* _TASK OBJECTIVE_
Every record below should be retyped exactly, and no picture should appear in the copy.

Brief descriptive captions
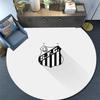 Santos FC2 Round Area Rug,Carpet Rug for Living Room Bedroom Sofa Playroom Decor,Non-slip Floor Mat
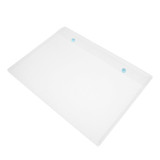 Transparent Double Snap Texture Document Bag Folder File Bag Storage Folder Button Bag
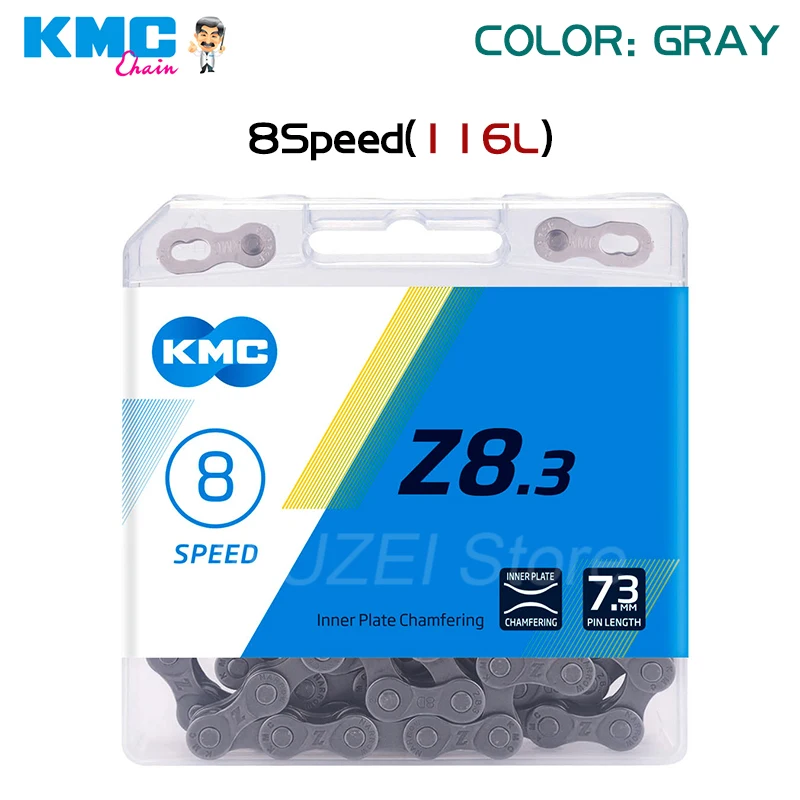Цепи для горного велосипеда KMC Z6 / Z8.3 X8 X8PL/X8EPT цепи SRAM 116/112 звеньев 6/7/8 скорости -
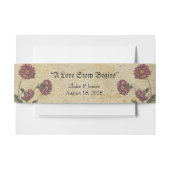 Gothic Romance Wedding Belly Band – Dark & Elegant Uitnodigingen Wikkel (Voorkant Voorbeeld)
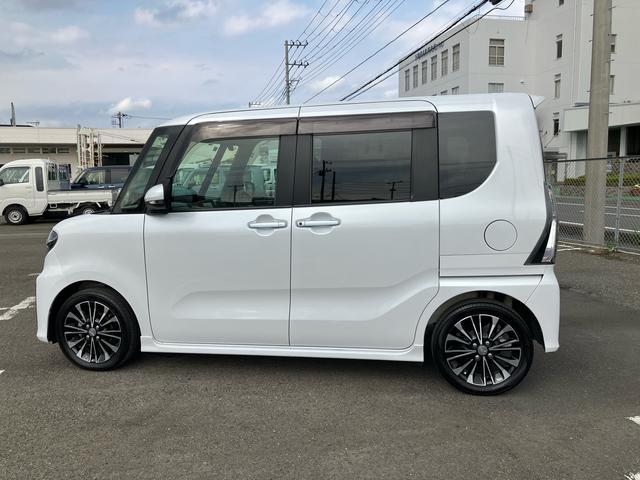 タントカスタムＲＳターボ　ナビ／ＢＴ／ＤＴＶ／ＤＩＳＣ／バックカメラ／ステアリングスイッチ　ＥＴＣ　両側パワスラ　ＬＥＤヘッド＆フォグランプ　１５インチアルミ　シートヒーター　クルコン　衝突被害軽減ブレーキ（千葉県）の中古車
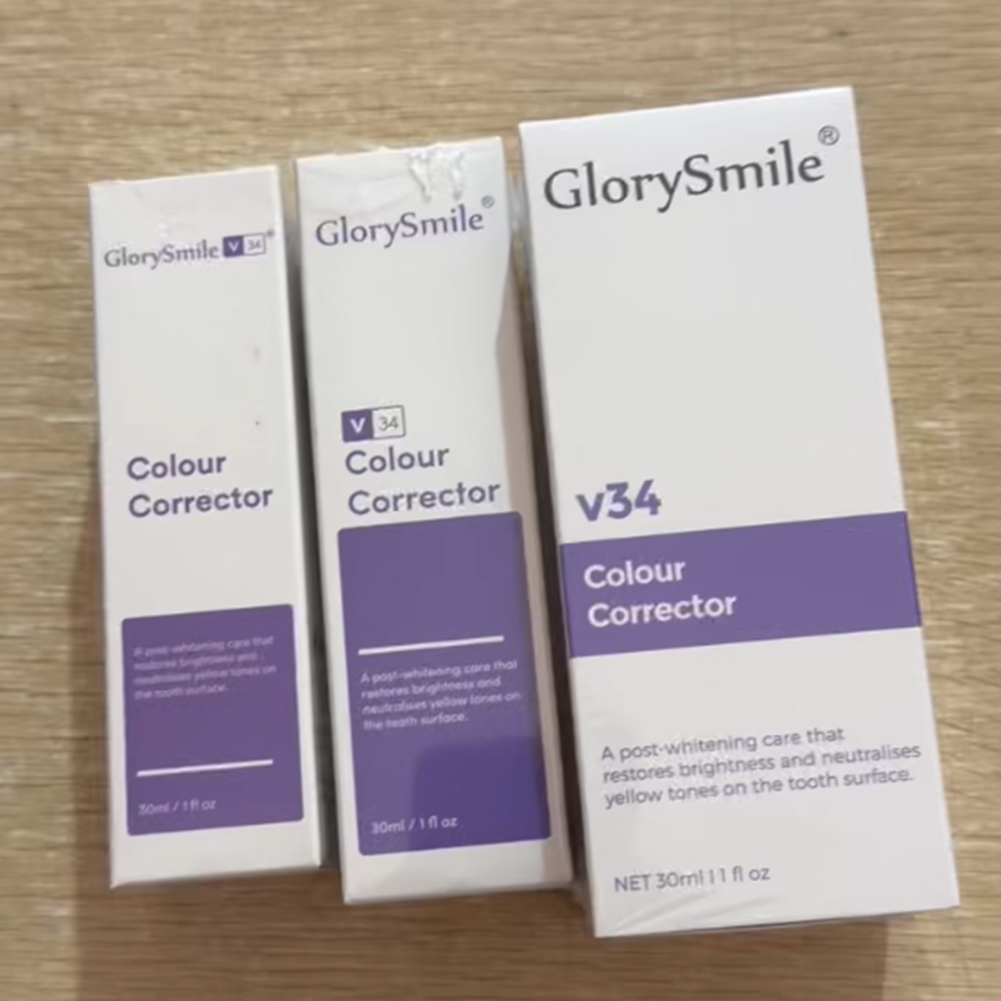 V34 Tooth Colour Corrector Ser – обзор и цена Teeth Whitening Mousse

* _FINISHED EXERCISE_
 Santos FC2 Round Area Rug,Carpet Rug for Living Room Bedroom Sofa Playroom Decor,Non-slip Floor Mat
 Transparent Double Snap Texture Document Bag Folder File Bag Storage Folder Button Bag
Цепи для горного велосипеда KMC Z6 / Z8.3 X8 X8PL/X8EPT цепи SRAM 116/112 звеньев 6/7/8 скорости -
 Gothic Romance Wedding Belly Band – Dark & Elegant Uitnodigingen Wikkel (Voorkant Voorbeeld)
 タントカスタムＲＳターボ　ナビ／ＢＴ／ＤＴＶ／ＤＩＳＣ／バックカメラ／ステアリングスイッチ　ＥＴＣ　両側パワスラ　ＬＥＤヘッド＆フォグランプ　１５インチアルミ　シートヒーター　クルコン　衝突被害軽減ブレーキ（千葉県）の中古車
 V34 Tooth Colour Corrector Ser – обзор и цена Teeth Whitening Mousse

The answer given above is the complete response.